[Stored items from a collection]

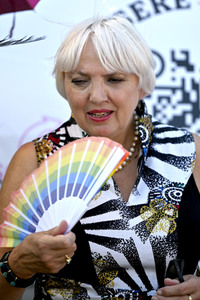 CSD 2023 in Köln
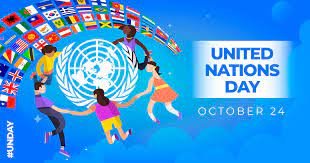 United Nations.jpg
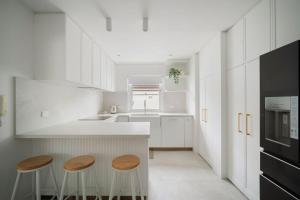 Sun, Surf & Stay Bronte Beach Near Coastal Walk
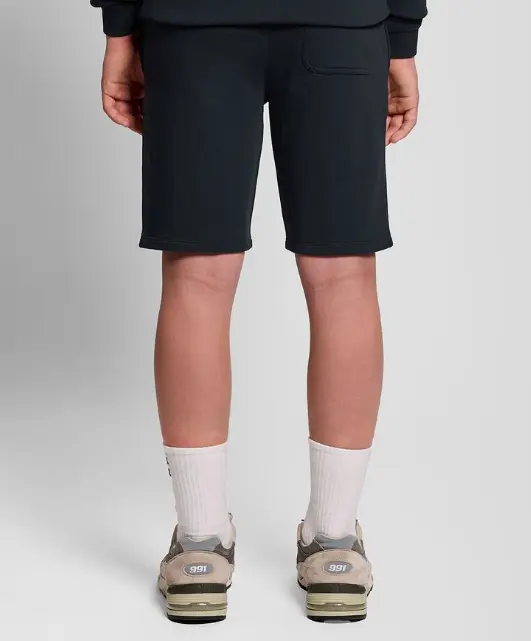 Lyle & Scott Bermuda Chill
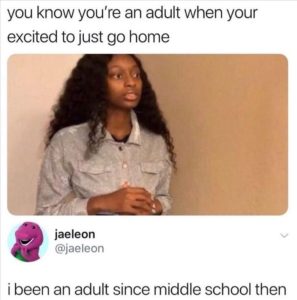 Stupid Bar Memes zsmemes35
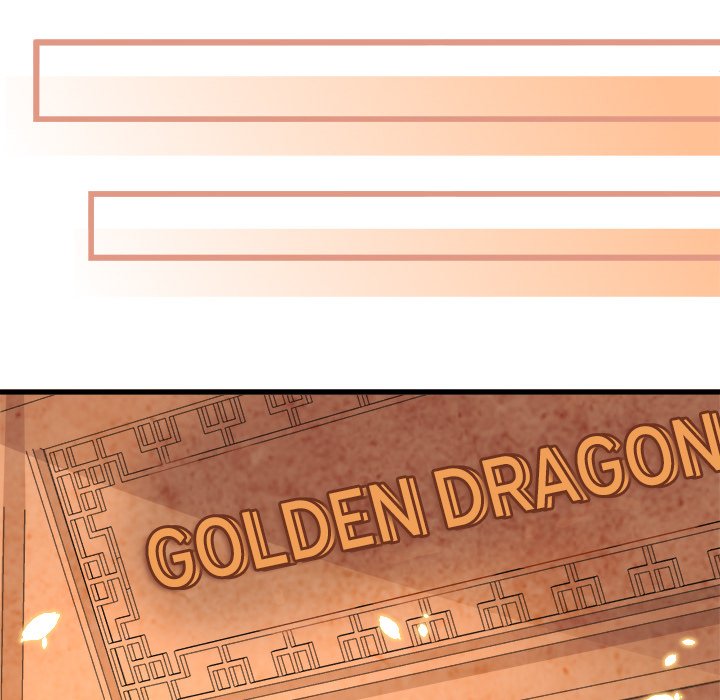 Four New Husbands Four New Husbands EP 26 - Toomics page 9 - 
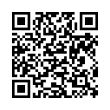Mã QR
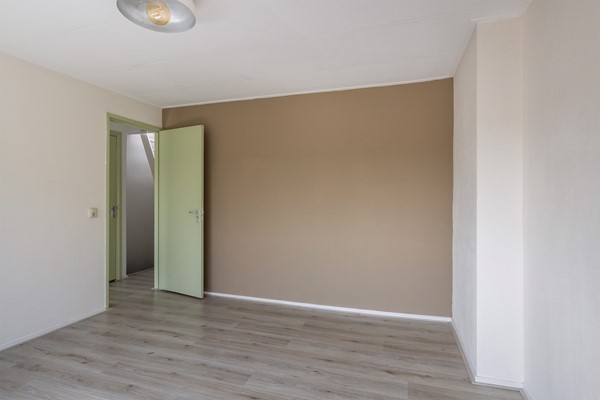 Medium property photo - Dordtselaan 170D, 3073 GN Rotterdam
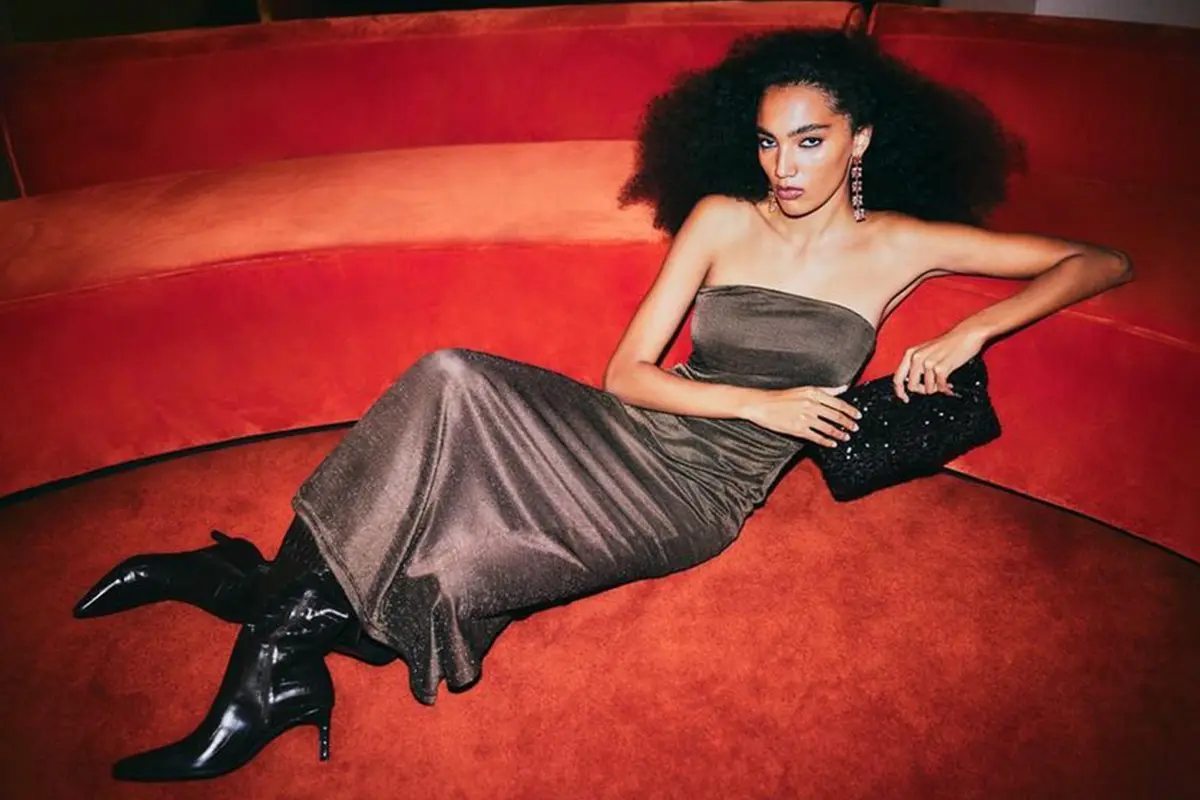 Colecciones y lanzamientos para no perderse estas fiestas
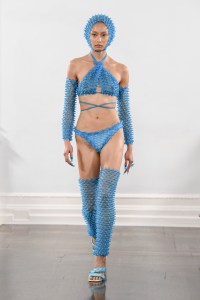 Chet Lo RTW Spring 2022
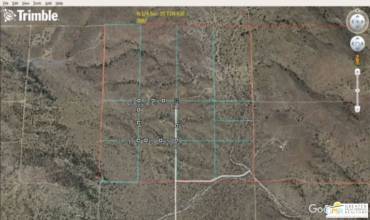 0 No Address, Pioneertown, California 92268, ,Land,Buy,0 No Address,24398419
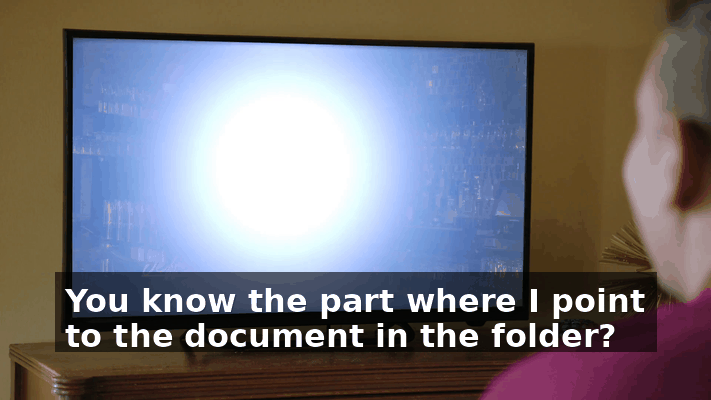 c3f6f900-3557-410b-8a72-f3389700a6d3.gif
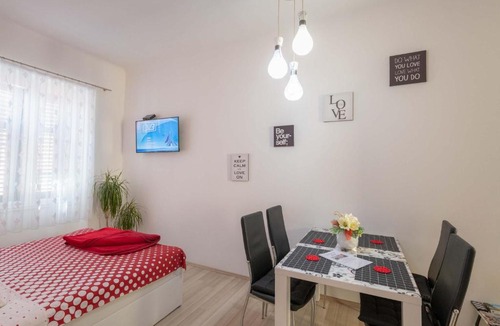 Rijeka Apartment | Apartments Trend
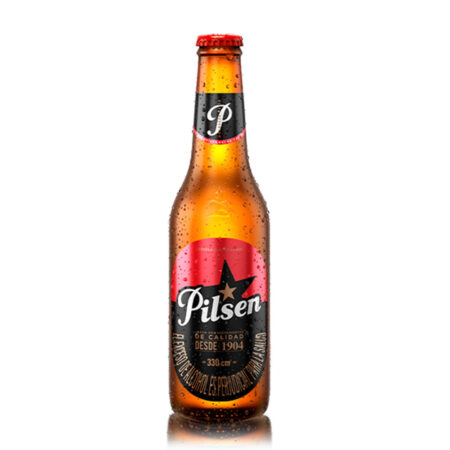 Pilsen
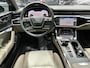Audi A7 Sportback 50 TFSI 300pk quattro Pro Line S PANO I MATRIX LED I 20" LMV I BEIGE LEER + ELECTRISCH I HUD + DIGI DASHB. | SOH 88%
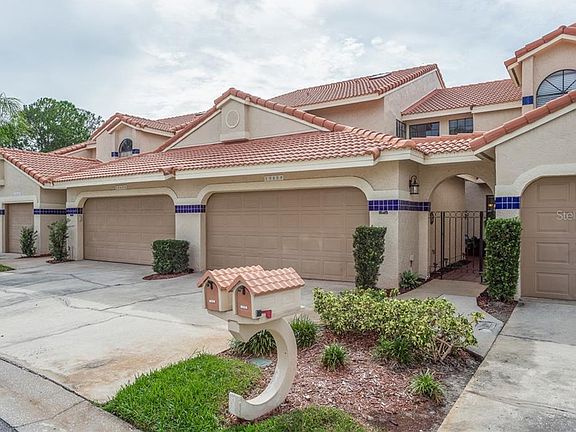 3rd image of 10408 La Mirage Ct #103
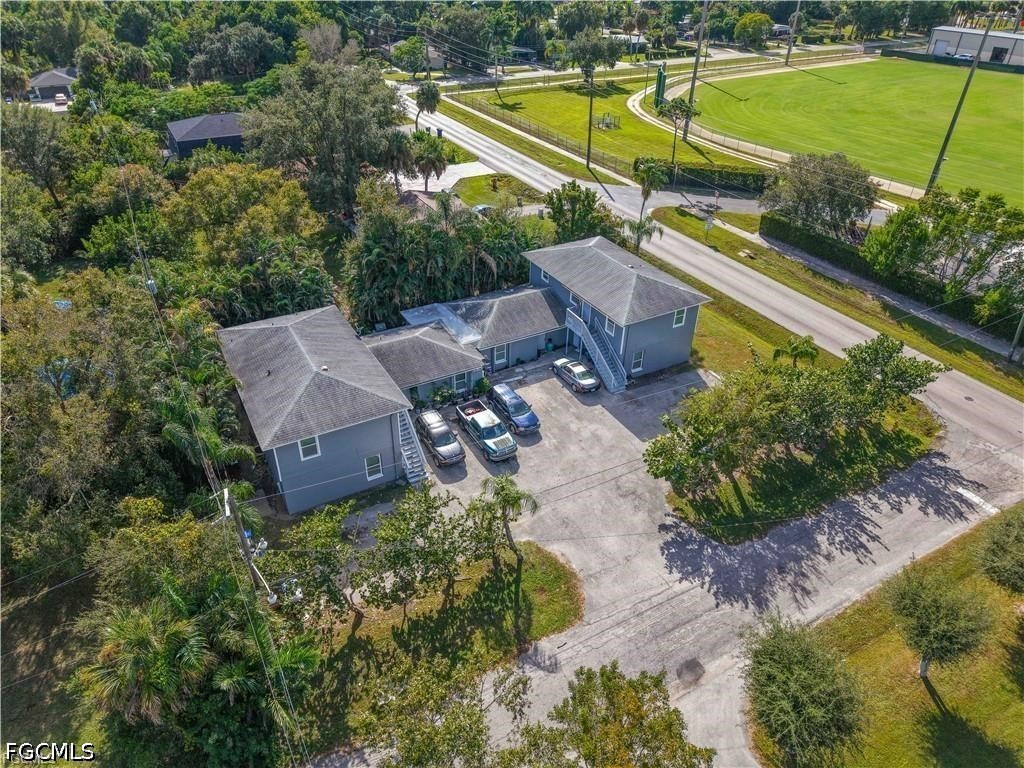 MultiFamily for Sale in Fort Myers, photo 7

**What needs to be done:** Please give the records above again exactly as they stand, with no pictures.

**Exercise answer:**
 CSD 2023 in Köln
 United Nations.jpg
 Sun, Surf & Stay Bronte Beach Near Coastal Walk
 Lyle & Scott Bermuda Chill
 Stupid Bar Memes zsmemes35
 Four New Husbands Four New Husbands EP 26 - Toomics page 9 - 
Mã QR
 Medium property photo - Dordtselaan 170D, 3073 GN Rotterdam
 Colecciones y lanzamientos para no perderse estas fiestas
 Chet Lo RTW Spring 2022
 0 No Address, Pioneertown, California 92268, ,Land,Buy,0 No Address,24398419
 c3f6f900-3557-410b-8a72-f3389700a6d3.gif
 Rijeka Apartment | Apartments Trend
 Pilsen
Audi A7 Sportback 50 TFSI 300pk quattro Pro Line S PANO I MATRIX LED I 20" LMV I BEIGE LEER + ELECTRISCH I HUD + DIGI DASHB. | SOH 88%
 3rd image of 10408 La Mirage Ct #103
 MultiFamily for Sale in Fort Myers, photo 7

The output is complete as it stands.